National Service serves a transmission function that goes beyond security. Every generation of young men is brought through a shared experience of national commitment — learning to live and work alongside people from every community and background, under challenging conditions.
The experience instils the understanding, which no classroom can fully convey, that belonging to a nation is not passive — it comes with responsibilities that must be actively discharged.

Over the decades, National Service has become a national institution — one that reinforces in a very tangible way the belief that we are responsible for our own destiny, and that everyone has a part to play in nationhood.

The transition from the urgency of the founding generation to what the current Prime Minister Lawrence Wong has called ‘quiet confidence’ is a profound generational shift. Quiet confidence is what you earn — through sixty years of doing what you said you would do. But it is also a different kind of challenge: it requires a generation that was not there at the beginning to feel the weight of what was built.

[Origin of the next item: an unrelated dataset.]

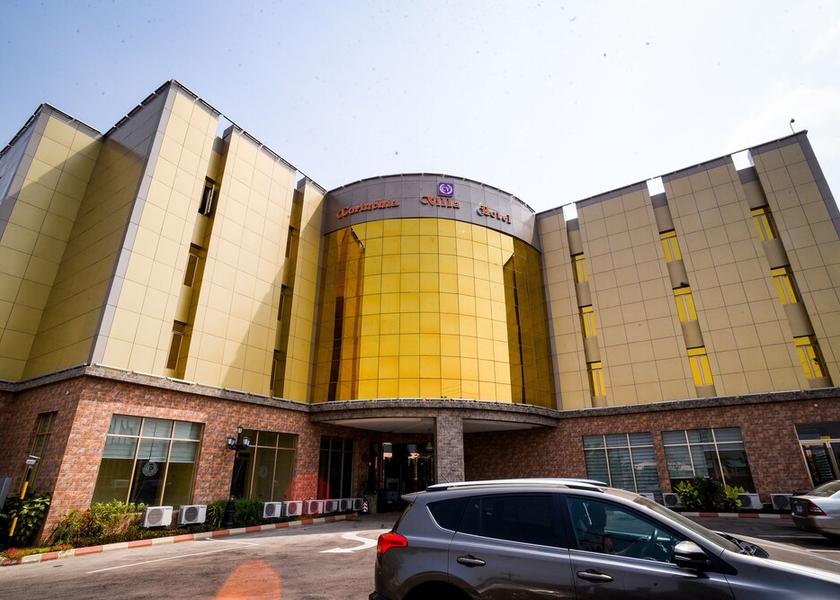 Federal Capital Territory Abuja Front of property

The challenge is that each generation must be made to feel that the Singapore story is their story, not a heritage to be passively received and maintained.

Prime Minister Lawrence Wong’s call for each Singaporean to become an “author of the next chapter” is precisely this: an explicit invitation to younger generations not to inherit Singapore’s success as a given, but to engage with it as a continuing opportunity and commitment.

What gives cautious ground for confidence is that Singapore does not rely on any single mechanism of transmission. It is a whole-of- society effort: the education system, National Service, the housing policies, the national celebrations that draw all communities together, the ongoing public conversation about Singapore’s vulnerabilities and future directions. No single mechanism is sufficient. Together, they create a web of connection to the national story.